My work in git, to this point has been simple enough: everything goes into master. Other people have much more complicated versioning requirements. And it seems not everyone can agree on how to handle versioning.
A while ago, I came across Vincent Driessen's branching model, aka 'git-flow' as described by Jeff Kreeftmeijer. It appears to be a 'feature branch' mechanism of tracking differing time lines, features, and code sets for code development. It seemed complicated, but also seemed to cater to functionality.
Today, I came across a differing view: Three-Flow, a different successful git branching model devised by Rod Hilton. It conforms to my idea of keeping most everything in master, keeping divergences merged back in to master, and letting minimal stuff stay out on candidate or release branches. The candidate branch fits nicely into a 'test phase', with the release being 'green to go'.
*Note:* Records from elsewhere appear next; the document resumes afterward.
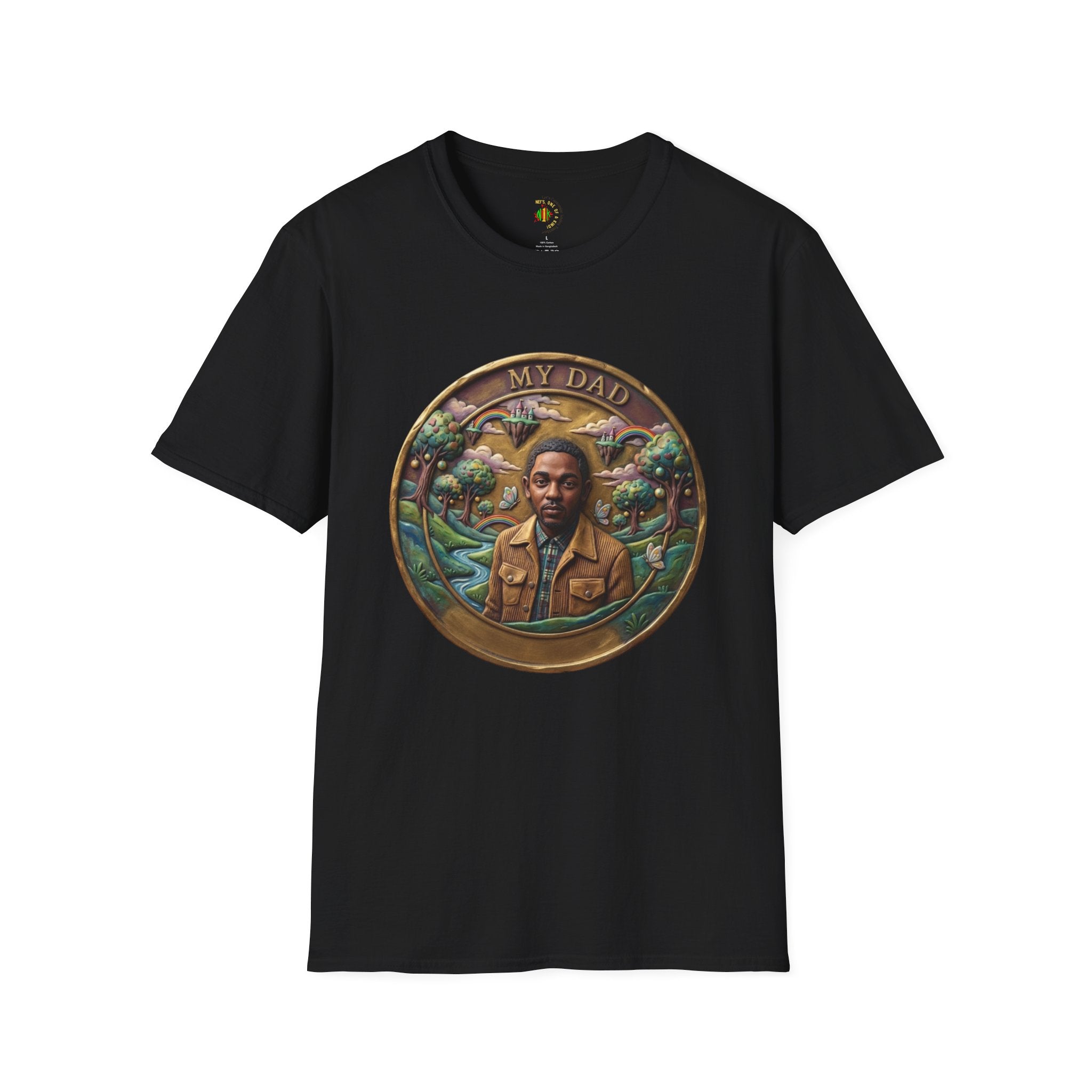 Todd Another Customized My Dad Portrait Coin Tee Graphic T-Shirt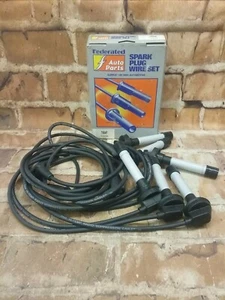 7664F Federated Auto parts Spark Plug Wire Set 7mm Black - Picture 1 of 1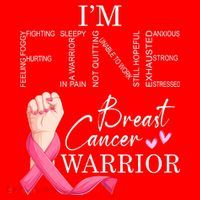 Funny I'm Fine Breast Cancer Warrior Pink Breast Cancer Santa Hat thumb 1
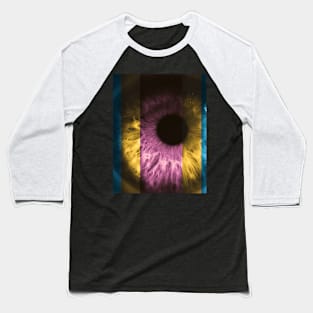 Colorful Iris Baseball T-Shirt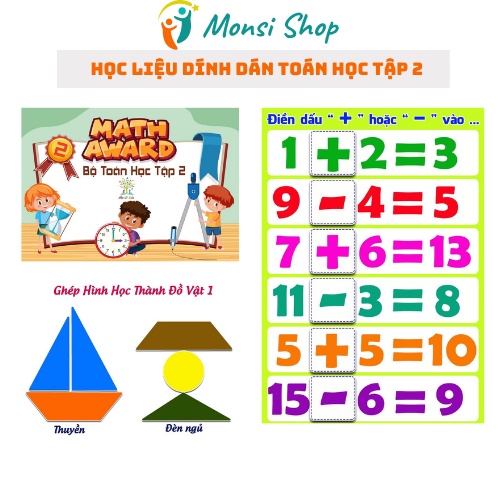 Học Liệu Bóc Dán Montessori Phát Triển Trí Thông Minh Cho Bé -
In either scenario, there are some 'complicated' commands to learn, but that would be part and parcel of a flexible version control system.
2017/09/20 - because there was no other place to put this, something tangentially related: Pull Request Based Development Sucks - but the consensus isn't quite so cut and dried. The comments have interesting points about the positives of peer review, how to write commit statements (why vs how), and some thoughts on really how to handle pull requests.
2018/02/04 - Branch By Abstraction instead of by branching in source control.